BIO: Dr. Sarah Polkinghorne has always been intrigued by how people build connections and become informed. She’s travelled a unique path from theatre to librarianship to research, most recently studying how people from different walks of life come to feel informed about food. She works as a Research Fellow in Social Change, at RMIT University. She has given talks around the world.
Sleep in Worms, and Why we Should Care
Shauni Omond — @ShauniOmond
Regardless of how much or how little we get, sleep is something that we all do. But why we sleep, and how sleep evolved is still something of a mystery. Four F’s of life have persisted throughout evolution – fighting, foraging, fleeing and mating. I look at a small aquatic worm as a new model for sleep research. Through characterising sleep, modulating sleep and manipulating sleep in these animals, I have discovered what might be the simplest form of sleep that we can still study to date. As the Brain evolved to become more complex, new mechanisms arose to aid in the onset, maintenance and cessation of sleep. If we can understand the basics and simplest mechanism underlying sleep, we can better understand potential fixes to sleep problems.
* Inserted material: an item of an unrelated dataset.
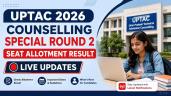UPTAC 2026 Special Counselling Allot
BIO: Shauni Omond is a PhD candidate at La Trobe University. Shauni investigates the evolutionary mechanisms in sleep. She became involved in this research during my undergraduate degree in Wildlife Conservation and has quickly fallen in love with the field of sleep. Post-PhD she’s planning to pivot into human sleep research, tying in impacts of sleep manipulation on physical and cognitive performance. Outside of her research, she loves to knit, hike, fish and visit as many breweries and distilleries as she can, all around the world.
Heart of Darkness
“Ethics is knowing the difference between what you have a right to do and what is right to do” — Potter Stewart (1915-1985). Most of us have a passing familiarity of the Hippocratic oath – a Greek medical text that outlines professional ethical standards for new physicians. It still informs training in medical ethics for young doctors today. But what happens when an important historical piece of scientific work was conceived in evil and born of malevolence? What if this piece of work was still used prominently in the training of modern doctors, surgeons, and other health professionals? We’re going to have a difficult conversation about some of the darker legacies at the heart of medical training. But, don’t despair, I’m also going to give you a window into the bright and hopeful future of optimistic young doctors today.
BIO: Michelle Rank has a PhD in Neuroscience and is an Associate Professor of Anatomy. She is a passionate educator who focuses on the training of first year medical students in human anatomy and is a relentless advocate for equity and inclusion across everything she does. This is her second time speaking at Nerd Nite, and she’s had a career change and a promotion in the meantime, so expect some truly boundary pushing stuff here. She also plays roller derby and takes classes at circus school – which perfectly exemplifies her unique combo of grit and optimism that she’ll bring to the stage. And no, there will be no circus tricks on roller skates.